NITI Aayog published its DPI@2047 roadmap in April 2026. The document is India's official blueprint for using Digital Public Infrastructure to achieve Viksit Bharat. It identifies eight areas where DPI can transform how the economy works for ordinary citizens and small enterprises.
Two of those eight areas are directly relevant to healthcare claim financing. And the report does not just name the problem. It names the building blocks needed to solve it. Those building blocks already exist. What is missing is the connection between them.
What the report says about credit
One of the eight transformation areas in the report is "Access to Credit for a Billion Indians."
The core argument is straightforward. Millions of individuals and businesses in India own assets that have real value but cannot be used to access credit. Not because the assets are not real, but because they are not visible to the financial system in a form that lenders can act on.
The report is specific about what kinds of assets it means. It lists land holdings, invoices, receivables, carbon credits, and verified transaction histories. The recommendation is to digitally represent these assets so that banks and NBFCs can see them, verify them, and lend against them.
An approved health insurance claim is a receivable. The insurer has confirmed it. The amount is known. The payer is a regulated entity. There is no ambiguity about whether the obligation is real. The only problem is that this confirmed obligation is invisible to the financial system.
The report is describing exactly this problem and calling for exactly this solution.
NHCX was built by the National Health Authority and IRDAI to standardise health insurance claims across India. Every cashless claim processed through it produces a verified, machine-readable record of what was approved, by which insurer, and for how much. NHCX should enable networks for hospitals to settle insurance claims and access financial services.
The connection is obvious
These are not two separate problems requiring two separate solutions.
NHCX already creates verified, government-authenticated records of approved payment obligations.
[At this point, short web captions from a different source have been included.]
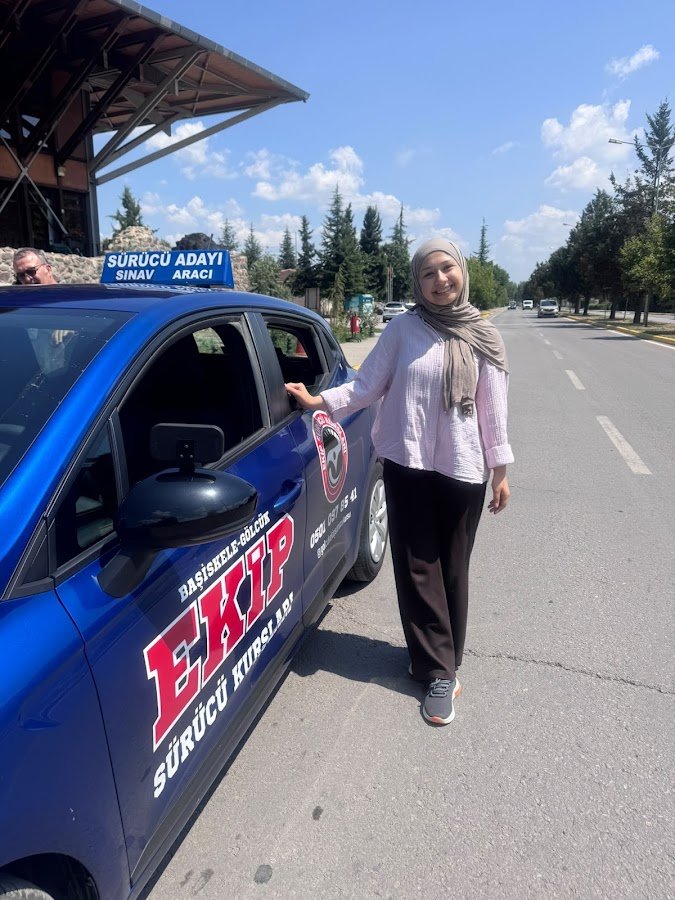 Ekip Sürücü Kursu - Gölcük Sürücü Kursları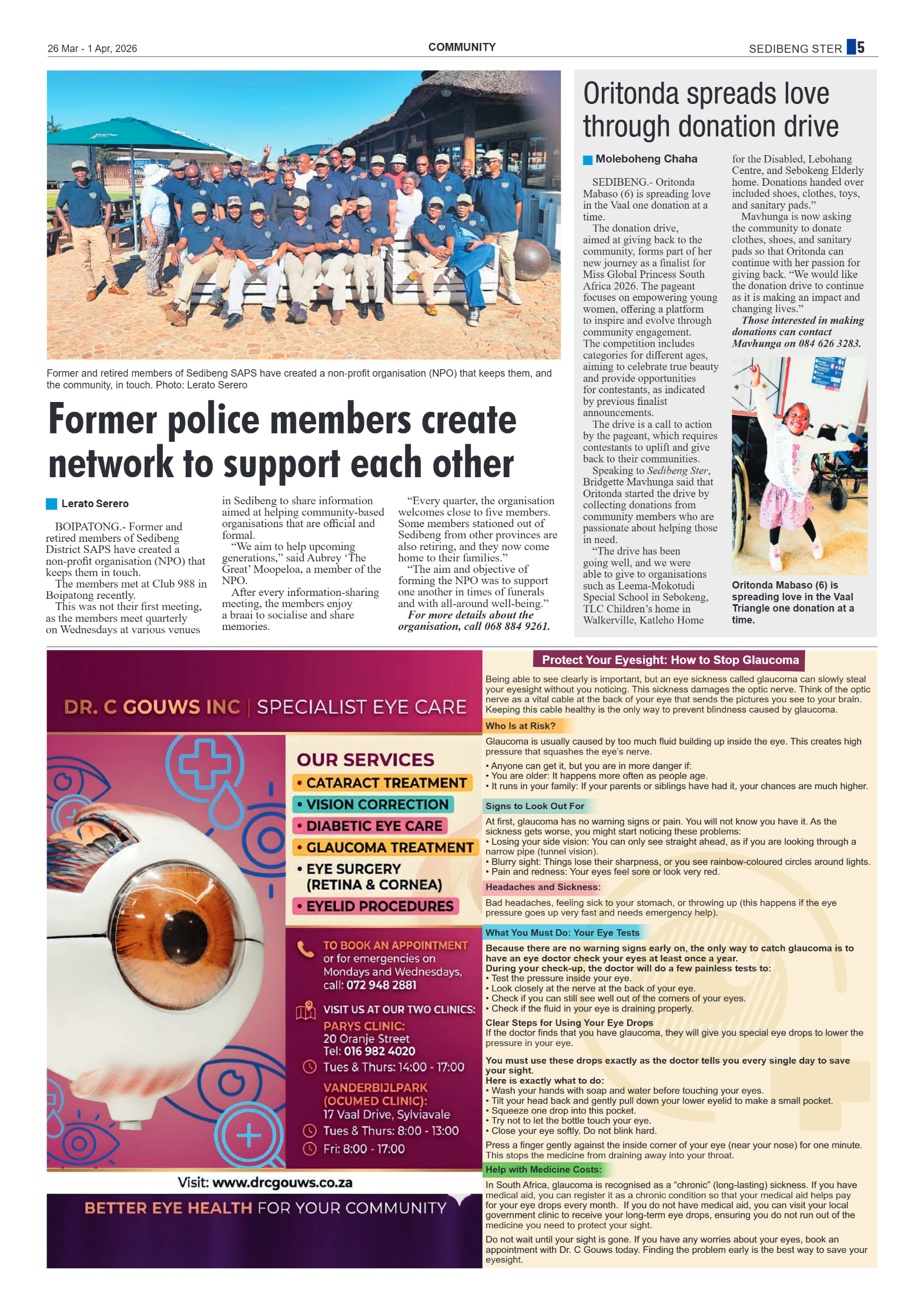 Sedibeng Ster – 26 March 2026 page 5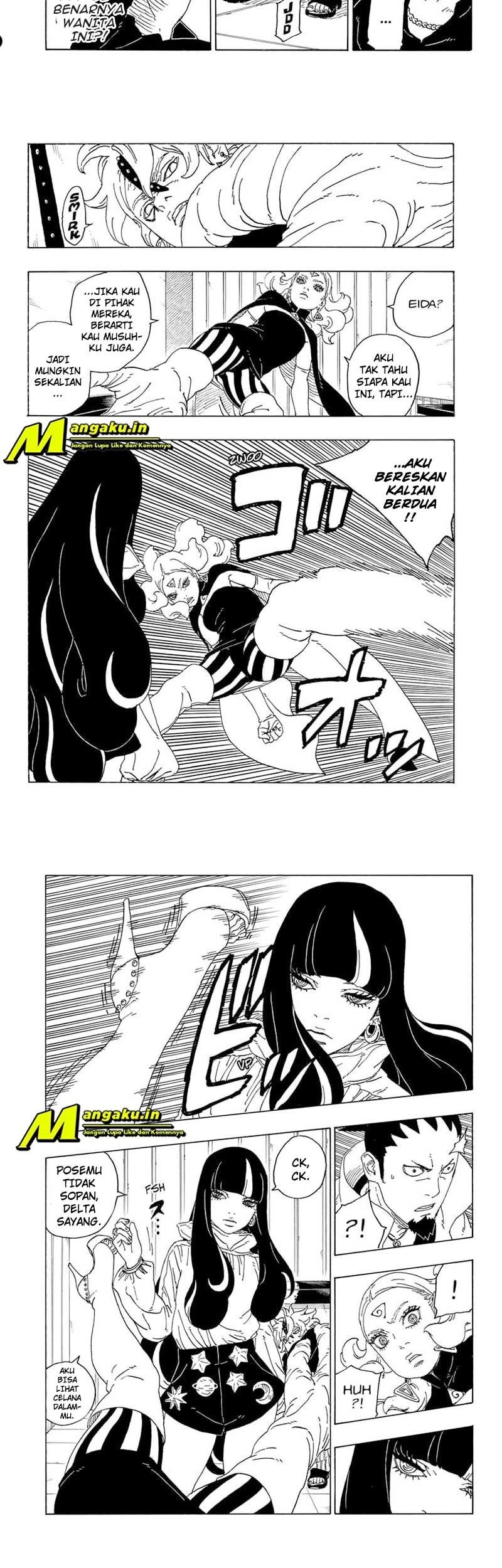 Boruto - Chapter 69.1 - Page 3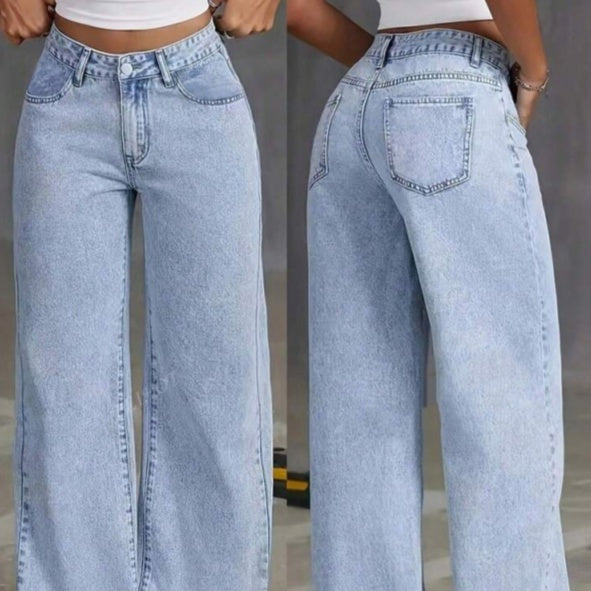 Ridgeway Wash Jean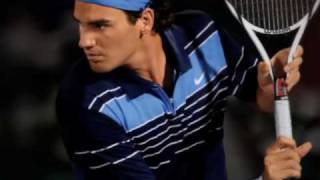 Ivan LendlRoger Federer  Backhand Comparison NEW [upl. by Nitniuq743]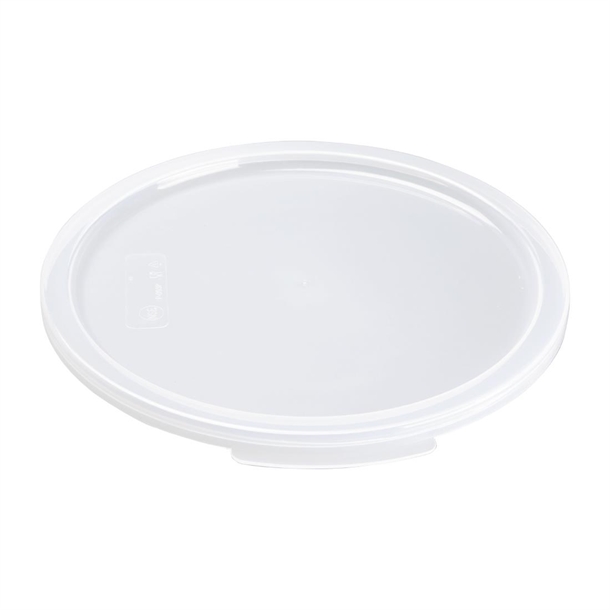 Lid for Vogue Round Food Storage Container 7.5Ltr Lid for Vogue Round Food Storage Container 7.5Ltr
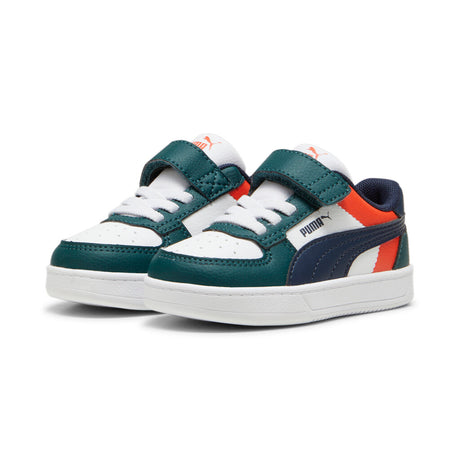 Puma Sneakers Caven 2.0 Block Ac+Inf 394463 09 Dark Myrtle-Club Navy-Wht
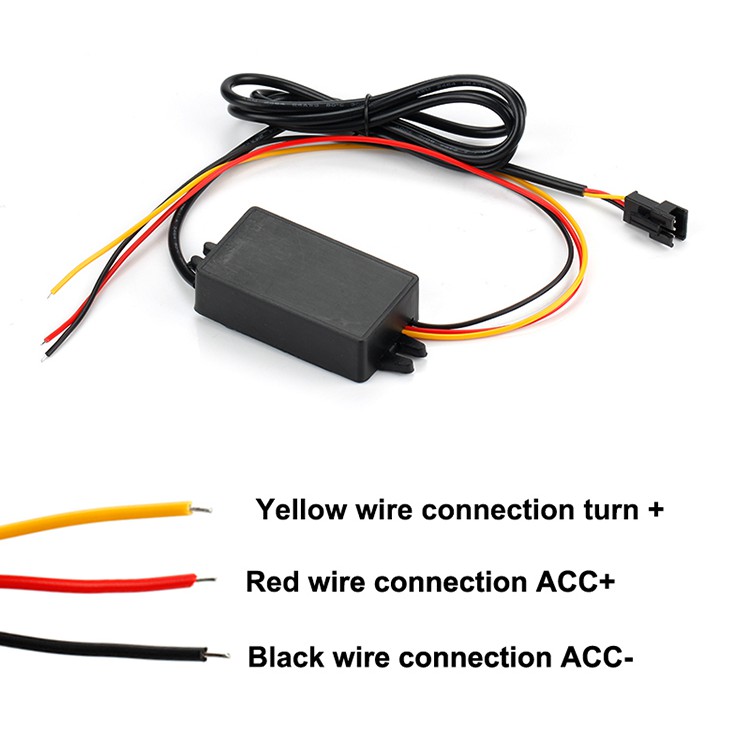 2 cái Đèn pha Linh hoạt Đa năng LED Ban ngày Chạy dải Ánh sáng Pha lê Đôi mắt Dòng chảy Tín hiệu Đèn Xe DRL Phong cách Ban ngày 12V 24V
The DPI credit transformation says such records need to be made accessible to the financial system. The answer is connecting the two.
A bank or NBFC that can independently verify an approved health insurance claim on NHCX has everything it needs to price and fund that claim. The payer is an IRDAI-regulated insurer or a government health scheme. The amount is confirmed. The only question is timing. That is a straightforward financing transaction, not a complex credit assessment.
The problem today is that NHCX does not have a financing participant type. It has hospitals, insurers, TPAs, and beneficiaries. It does not have banks and NBFCs. That one addition, a recognised financial participant with read-only access to verified claim data, is what separates the current situation from a functioning healthcare financing market.
How DPI actually works
The NITI Aayog report draws lessons from India's earlier DPI successes. Aadhaar solved identity. UPI solved payments. Account Aggregator solved consented financial data sharing. Each one worked the same way.
It started with a minimalist shared capability, something that did one thing well and that every participant in the ecosystem could rely on. Then private markets built on top of it.
UPI did not try to be a bank. It defined a payment protocol and let 80 apps compete on top of it. Account Aggregator did not lend money. It created a consent framework and let lenders access financial data with the customer's permission.
NHCX has done the hard part. It built the claims exchange. It standardised the data. It created the authenticated record of payment obligations. The financing layer on top of it could follow the same pattern. It does not replace NHCX. It builds on it.
What actually needs to happen
Two things.
First, NHCX needs to recognise a new participant type: a regulated financing platform. This participant gets read-only access to approved claim financial data after the hospital consents. No patient data. No clinical records. Just the financial facts: claim reference, approved amount, payer identity, and expected settlement date.
Second, a registry needs to record every financing transaction so that the system has a single source of truth. This protects financiers and creates the transparency that makes the market trustworthy.
None of this requires building a new government platform. None of it requires new legislation. It requires a policy decision to extend an existing platform to a new use case that NITI Aayog's own report has identified as a national priority.
Why this is a DPI and not just a product
The NITI Aayog report defines DPI as shared digital infrastructure that any participant can build on, where the value grows as more people join, and where no single private player controls access.
Healthcare claim financing fits this definition. The infrastructure is NHCX, which is public. The financing platforms that build on it can be multiple, competing, and private. Hospitals onboard once and access capital from any financier on the network. Financiers compete on rate. The result is that the cost of capital for hospitals falls to reflect the actual risk, which is the government's or the insurer's credit quality, not the hospital's.
This is exactly the hockey-stick dynamic the report describes. The more hospitals on the platform, the more claims available. The more claims available, the more financiers compete. The more financiers compete, the lower the rate. The lower the rate, the more hospitals find it worth participating.
It is a self-reinforcing system. It just needs the first unlock: NHCX opening a financing window.
NITI Aayog has named the problem, described the approach, and identified the building blocks. The next DPI in healthcare is not a new identity system or a new payment rail. It is a financing layer on infrastructure that India has already built.